En este tiempo que nos invade, lo que priva es el consumo, y si éste no se produce, parece que todo funciona mal, mensaje repetido todos los días por los medios escritos, radiofónicos y visuales.

Si no vas de compras a un «macro-centro comercial» eres un bicho raro o no estás en la onda. A nuestra juventud les parece lugar idóneo para ir con amigos, tomar algo de comida rápida y visualizar los últimos modelitos de ropa o de artefactos electrónicos e informáticos… Compras de cosas efímeras, que a los pocos días se olvidan o se almacenan en algún lugar de la casa sin que realmente se les dé un uso práctico y que al final quedan en el baúl de los recuerdos Se ha cambiado el paisaje del campo por el urbanita, hasta las gentes de los pueblos rurales emigran en fin de semana en busca de la ganga que comprar, o simplemente a pasar el rato, la cuestión es consumir lo que sea, ¡si no, no perteneces a este mundo!

Desgraciadamente, esta cultura del consumo invade el mundo de la caza.
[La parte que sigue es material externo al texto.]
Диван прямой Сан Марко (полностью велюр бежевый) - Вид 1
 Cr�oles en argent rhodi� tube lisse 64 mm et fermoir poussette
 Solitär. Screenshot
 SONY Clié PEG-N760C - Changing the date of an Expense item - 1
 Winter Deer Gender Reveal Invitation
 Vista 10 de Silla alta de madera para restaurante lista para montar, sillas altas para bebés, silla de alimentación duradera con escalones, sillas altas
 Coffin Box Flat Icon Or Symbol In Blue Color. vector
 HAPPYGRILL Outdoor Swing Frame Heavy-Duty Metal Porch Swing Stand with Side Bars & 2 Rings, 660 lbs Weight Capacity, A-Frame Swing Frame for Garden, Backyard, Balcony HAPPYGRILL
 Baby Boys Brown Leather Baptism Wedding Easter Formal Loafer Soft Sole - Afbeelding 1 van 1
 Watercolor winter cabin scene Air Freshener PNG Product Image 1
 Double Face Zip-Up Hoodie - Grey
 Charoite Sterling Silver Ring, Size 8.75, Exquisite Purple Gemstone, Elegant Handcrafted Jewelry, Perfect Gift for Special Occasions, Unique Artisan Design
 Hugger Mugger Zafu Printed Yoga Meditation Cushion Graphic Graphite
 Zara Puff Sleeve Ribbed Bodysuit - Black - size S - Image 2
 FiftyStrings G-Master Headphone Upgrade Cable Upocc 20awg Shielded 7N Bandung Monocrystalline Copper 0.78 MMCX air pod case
Lo que más prima es quién abate más número de piezas en el menor tiempo posible y de la forma que sea. No importa el lance, ni los compañeros, ni el campo —algunos no saben distinguir una amapola de un cenizo—, ni los actores principales que son los animales salvajes. ¡Da igual! Lo que importa es la cantidad, aunque sea tres jabalíes de un «cercón» de 400 hectáreas, o siete perdices soltadas dos horas antes en el campo, o un venado que ha estado alimentando artificialmente todo el año.

¿Por qué se producen estas actitudes? Lógicamente porque hay una demanda fuerte, que proviene de la cultura del consumo, avidez extrema de piezas y competitividad que representa vivir en la sociedad actual. Ello conlleva a la comercialización de la caza y por tanto a la degradación de la misma. No se caza para compartir afición, gestión, sabiduría y cultura. ¡No! Lo importante son los números y el trofeo.

Se ha cambiado la visión del campo; antes, el entorno rural era el marco de vida, todo giraba sobre él. Ahora es un medio que visitamos unas horas, sobre un «todo terreno» que nos transporta hasta el mismo puesto, y que muchas veces no apreciamos en todas sus facetas. El campo cada vez es más desconocido, incluso para los que ahora vienen a vivir a él.

Queremos en muy poco tiempo extraer todas sus sensaciones, y esto es imposible de conseguir en una visita de cuatro horas y unos pocos fines de semana al año. Añoro esas gentes sencillas, que conocen palmo a palmo su territorio, en qué lugar crían las perdices, cuándo vuelan y dónde se ponen a tiro de escopeta. Esto se aprende con el tiempo y después de muchas horas tras ellas o simplemente viéndolas corretear por los campos todos los días.

Por eso cazar es algo distinto: cultura, sabiduría, sencillez, naturaleza, olores, visiones, complejidad, amigos, fuego, amistad… esa gente que después de toda la mañana de esfuerzo vuelve a casa con una sonrisa, dos perdices, un conejo o vaya usted a saber. Que disfruta el campo y, lo más importante, nos acompañan con sus conocimientos. Cuando estoy con ellos se me olvida que ese «mundo de consumo» existe… y no tengo ganas de volver a él.